▸ TASK DETAILS
Return each line, exactly as given, from the one containing "May 26, 2024;" through the end of the entries below, and skip the rest.

[Items from a dataset]
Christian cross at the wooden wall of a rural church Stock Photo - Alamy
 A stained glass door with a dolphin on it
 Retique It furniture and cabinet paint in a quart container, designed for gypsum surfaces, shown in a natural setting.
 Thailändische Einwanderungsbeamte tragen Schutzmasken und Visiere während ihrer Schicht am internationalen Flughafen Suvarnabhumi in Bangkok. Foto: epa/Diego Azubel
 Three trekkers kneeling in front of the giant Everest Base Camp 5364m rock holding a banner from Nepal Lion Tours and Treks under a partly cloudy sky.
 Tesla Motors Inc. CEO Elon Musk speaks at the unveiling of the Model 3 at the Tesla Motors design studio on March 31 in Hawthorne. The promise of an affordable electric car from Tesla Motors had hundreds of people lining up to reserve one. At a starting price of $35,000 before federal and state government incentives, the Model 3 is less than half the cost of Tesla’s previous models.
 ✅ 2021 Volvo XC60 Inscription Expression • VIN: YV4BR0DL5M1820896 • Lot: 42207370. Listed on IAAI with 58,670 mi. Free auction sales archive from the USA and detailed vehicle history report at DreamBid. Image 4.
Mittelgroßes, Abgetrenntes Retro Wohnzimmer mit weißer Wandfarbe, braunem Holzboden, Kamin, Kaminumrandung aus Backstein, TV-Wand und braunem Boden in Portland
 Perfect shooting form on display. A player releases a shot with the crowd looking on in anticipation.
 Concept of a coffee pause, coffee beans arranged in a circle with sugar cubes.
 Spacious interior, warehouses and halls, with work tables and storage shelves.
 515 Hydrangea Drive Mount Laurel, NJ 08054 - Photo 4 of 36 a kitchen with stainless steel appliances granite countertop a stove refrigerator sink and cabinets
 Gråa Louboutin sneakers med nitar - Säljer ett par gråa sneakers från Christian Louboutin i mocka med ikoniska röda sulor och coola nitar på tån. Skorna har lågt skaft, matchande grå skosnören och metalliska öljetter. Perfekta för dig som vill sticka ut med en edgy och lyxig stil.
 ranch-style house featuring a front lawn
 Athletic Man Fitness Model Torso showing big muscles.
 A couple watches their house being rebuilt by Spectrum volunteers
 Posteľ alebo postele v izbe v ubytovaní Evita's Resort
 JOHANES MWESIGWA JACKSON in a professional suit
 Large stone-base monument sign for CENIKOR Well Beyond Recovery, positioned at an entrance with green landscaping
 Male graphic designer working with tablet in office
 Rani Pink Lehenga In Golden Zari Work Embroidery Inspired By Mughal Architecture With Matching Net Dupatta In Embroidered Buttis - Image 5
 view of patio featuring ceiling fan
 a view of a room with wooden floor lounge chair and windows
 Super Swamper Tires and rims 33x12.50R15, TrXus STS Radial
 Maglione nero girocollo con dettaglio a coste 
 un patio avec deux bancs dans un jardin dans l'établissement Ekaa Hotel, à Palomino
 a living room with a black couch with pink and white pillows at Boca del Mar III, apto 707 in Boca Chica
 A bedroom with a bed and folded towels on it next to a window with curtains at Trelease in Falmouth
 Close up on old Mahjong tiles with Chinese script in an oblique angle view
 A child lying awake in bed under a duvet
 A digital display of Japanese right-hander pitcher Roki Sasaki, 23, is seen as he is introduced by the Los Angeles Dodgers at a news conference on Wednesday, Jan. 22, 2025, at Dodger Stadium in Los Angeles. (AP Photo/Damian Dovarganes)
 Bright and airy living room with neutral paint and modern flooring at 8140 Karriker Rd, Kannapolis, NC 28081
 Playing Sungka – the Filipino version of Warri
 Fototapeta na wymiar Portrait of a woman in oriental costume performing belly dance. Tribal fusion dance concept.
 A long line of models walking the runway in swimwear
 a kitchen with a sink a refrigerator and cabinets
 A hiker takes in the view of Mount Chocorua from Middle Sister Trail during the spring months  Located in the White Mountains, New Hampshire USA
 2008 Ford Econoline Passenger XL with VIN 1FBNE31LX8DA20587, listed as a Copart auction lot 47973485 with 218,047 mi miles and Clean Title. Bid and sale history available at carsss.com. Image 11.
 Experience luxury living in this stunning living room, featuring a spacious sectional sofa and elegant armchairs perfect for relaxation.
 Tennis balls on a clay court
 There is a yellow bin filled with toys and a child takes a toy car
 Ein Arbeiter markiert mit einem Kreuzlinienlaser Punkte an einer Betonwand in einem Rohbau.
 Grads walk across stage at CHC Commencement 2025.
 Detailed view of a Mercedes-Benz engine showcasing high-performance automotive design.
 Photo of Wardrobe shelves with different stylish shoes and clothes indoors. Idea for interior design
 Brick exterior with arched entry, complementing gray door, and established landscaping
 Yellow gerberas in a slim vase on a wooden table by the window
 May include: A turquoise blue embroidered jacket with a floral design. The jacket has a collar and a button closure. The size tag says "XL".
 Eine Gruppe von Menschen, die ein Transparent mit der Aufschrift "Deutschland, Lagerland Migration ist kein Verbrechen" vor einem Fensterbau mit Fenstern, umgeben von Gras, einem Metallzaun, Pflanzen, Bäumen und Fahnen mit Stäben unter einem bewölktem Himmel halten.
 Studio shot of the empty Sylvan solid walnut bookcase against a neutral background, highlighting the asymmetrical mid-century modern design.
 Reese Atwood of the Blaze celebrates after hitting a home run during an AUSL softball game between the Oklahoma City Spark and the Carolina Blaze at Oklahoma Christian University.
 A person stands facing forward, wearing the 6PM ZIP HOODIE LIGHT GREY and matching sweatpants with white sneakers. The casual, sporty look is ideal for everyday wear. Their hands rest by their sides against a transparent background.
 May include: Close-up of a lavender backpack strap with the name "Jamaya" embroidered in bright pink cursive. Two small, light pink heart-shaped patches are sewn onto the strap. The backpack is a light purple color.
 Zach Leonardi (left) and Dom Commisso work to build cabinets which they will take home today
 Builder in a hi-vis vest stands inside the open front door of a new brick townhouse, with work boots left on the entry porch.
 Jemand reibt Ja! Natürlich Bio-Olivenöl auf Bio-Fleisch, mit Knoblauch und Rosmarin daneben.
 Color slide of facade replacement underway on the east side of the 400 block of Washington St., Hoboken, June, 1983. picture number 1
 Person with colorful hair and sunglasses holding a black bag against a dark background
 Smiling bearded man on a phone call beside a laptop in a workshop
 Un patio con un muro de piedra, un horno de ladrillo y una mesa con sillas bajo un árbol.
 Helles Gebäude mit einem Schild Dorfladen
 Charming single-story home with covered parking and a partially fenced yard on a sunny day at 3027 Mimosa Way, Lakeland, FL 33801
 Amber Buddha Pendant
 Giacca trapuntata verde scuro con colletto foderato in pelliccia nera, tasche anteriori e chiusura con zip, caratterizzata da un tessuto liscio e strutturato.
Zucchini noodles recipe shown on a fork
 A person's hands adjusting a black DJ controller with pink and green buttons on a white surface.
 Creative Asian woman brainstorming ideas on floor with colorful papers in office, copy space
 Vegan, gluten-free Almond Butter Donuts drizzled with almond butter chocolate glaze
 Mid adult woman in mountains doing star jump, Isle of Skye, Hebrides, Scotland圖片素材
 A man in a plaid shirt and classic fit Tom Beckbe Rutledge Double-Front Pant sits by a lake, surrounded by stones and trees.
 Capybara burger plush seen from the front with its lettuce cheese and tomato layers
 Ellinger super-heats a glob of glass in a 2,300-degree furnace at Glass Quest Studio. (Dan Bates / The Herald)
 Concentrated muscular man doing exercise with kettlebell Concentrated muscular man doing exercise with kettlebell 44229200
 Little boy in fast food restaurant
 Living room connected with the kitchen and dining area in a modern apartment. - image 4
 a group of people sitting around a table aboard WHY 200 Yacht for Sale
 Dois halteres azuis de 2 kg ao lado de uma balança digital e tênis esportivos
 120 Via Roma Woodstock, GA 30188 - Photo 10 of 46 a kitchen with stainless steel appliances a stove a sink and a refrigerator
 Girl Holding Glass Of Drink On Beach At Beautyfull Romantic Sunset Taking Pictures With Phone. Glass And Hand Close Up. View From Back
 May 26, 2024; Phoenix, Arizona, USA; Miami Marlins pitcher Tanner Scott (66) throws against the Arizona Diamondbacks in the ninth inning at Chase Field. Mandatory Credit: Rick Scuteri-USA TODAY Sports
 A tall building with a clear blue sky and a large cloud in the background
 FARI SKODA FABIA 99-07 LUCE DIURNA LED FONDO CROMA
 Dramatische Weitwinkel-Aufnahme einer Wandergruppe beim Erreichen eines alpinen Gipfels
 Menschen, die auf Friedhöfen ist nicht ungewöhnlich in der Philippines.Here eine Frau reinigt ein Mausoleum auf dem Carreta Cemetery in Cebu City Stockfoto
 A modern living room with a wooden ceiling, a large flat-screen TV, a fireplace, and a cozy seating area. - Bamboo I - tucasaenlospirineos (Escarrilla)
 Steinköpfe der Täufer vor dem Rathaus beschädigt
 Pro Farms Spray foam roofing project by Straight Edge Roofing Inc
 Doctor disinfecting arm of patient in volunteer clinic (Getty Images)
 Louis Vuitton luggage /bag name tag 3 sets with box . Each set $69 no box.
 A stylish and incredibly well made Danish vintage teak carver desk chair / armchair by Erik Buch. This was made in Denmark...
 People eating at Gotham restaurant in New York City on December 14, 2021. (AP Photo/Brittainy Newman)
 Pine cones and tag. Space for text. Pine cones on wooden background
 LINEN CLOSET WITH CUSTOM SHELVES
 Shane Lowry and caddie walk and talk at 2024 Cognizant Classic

▸ SOLUTION FOR THIS TASK
 May 26, 2024; Phoenix, Arizona, USA; Miami Marlins pitcher Tanner Scott (66) throws against the Arizona Diamondbacks in the ninth inning at Chase Field. Mandatory Credit: Rick Scuteri-USA TODAY Sports
 A tall building with a clear blue sky and a large cloud in the background
 FARI SKODA FABIA 99-07 LUCE DIURNA LED FONDO CROMA
 Dramatische Weitwinkel-Aufnahme einer Wandergruppe beim Erreichen eines alpinen Gipfels
 Menschen, die auf Friedhöfen ist nicht ungewöhnlich in der Philippines.Here eine Frau reinigt ein Mausoleum auf dem Carreta Cemetery in Cebu City Stockfoto
 A modern living room with a wooden ceiling, a large flat-screen TV, a fireplace, and a cozy seating area. - Bamboo I - tucasaenlospirineos (Escarrilla)
 Steinköpfe der Täufer vor dem Rathaus beschädigt
 Pro Farms Spray foam roofing project by Straight Edge Roofing Inc
 Doctor disinfecting arm of patient in volunteer clinic (Getty Images)
 Louis Vuitton luggage /bag name tag 3 sets with box . Each set $69 no box.
 A stylish and incredibly well made Danish vintage teak carver desk chair / armchair by Erik Buch. This was made in Denmark...
 People eating at Gotham restaurant in New York City on December 14, 2021. (AP Photo/Brittainy Newman)
 Pine cones and tag. Space for text. Pine cones on wooden background
 LINEN CLOSET WITH CUSTOM SHELVES
 Shane Lowry and caddie walk and talk at 2024 Cognizant Classic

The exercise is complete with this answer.